🔍
Joseph Stiglitz: The financial crisis was a market failure - YouTube
Channel: unknown
[0]
2008 was a traumatic experience for
homeowners, workers, and for economic
[9]
theories that markets worked well. Literally
millions of people lost their home. Tens of
[17]
millions of people lost their jobs.
The regulators had such belief in the
[23]
efficiency of the financial markets–in being
good for the bankers, they will be good for
[29]
all of our society. That, too, turned out to
be wrong. The very idea that the markets were
[36]
efficient and stable was totally devastated.
Before the crisis, scarce capital was allocated
[43]
clearly to uses that were not good. Building
shoddy homes in the middle of the Nevada desert
[49]
that will shortly remain empty and be destroyed.

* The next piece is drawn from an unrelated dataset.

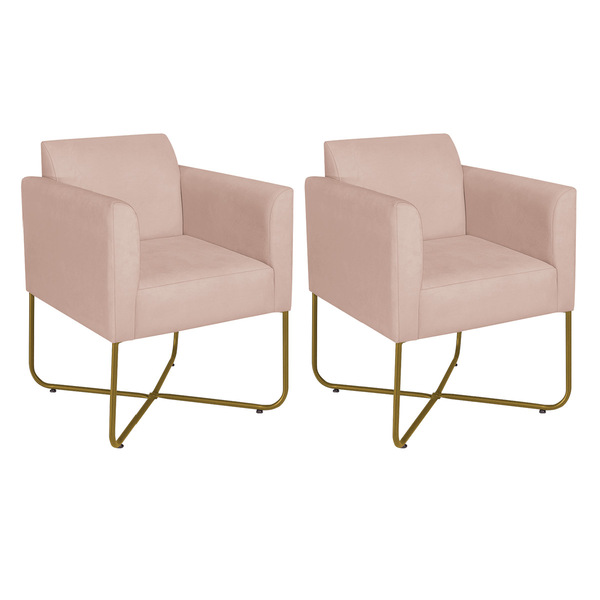 Kit 02 Poltronas Decorativas Andréia Base X Dourada Suede - R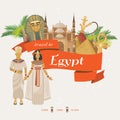 Egypt amazing advertising vector. Egyptian traditional icons in flat design. Holiday banner. Vacation and summer. Royalty Free Stock Photo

Afterwards, the shortfall between the economy’s
[56]
potential to produce and its actual production
is in the trillions and trillions of dollars.
[62]
No government has ever wasted money on the scale
or the consequences of the US financial crisis.
[69]
Our belief, our understanding that markets are
efficient is based on a very simple model–perfect
[78]
competition, perfect information. A kind of
rationality that people really think through
[85]
the consequences of their actions and another
very important assumption is no externality;
[91]
there is nothing that I do that has effects on
others that is not already taken into account
[97]
by the market. All of those assumptions were
wrong and were proven wrong by the crisis.
[107]
Economists usually begin by thinking about
incentives, that people have incentives to
[113]
behave badly and the answer is yes. What were
those incentives and why were there those
[121]
incentives? And in fact they had incentives
to create incentive structures that were bad.
[126]
In the late 90s we formed these mega mega banks.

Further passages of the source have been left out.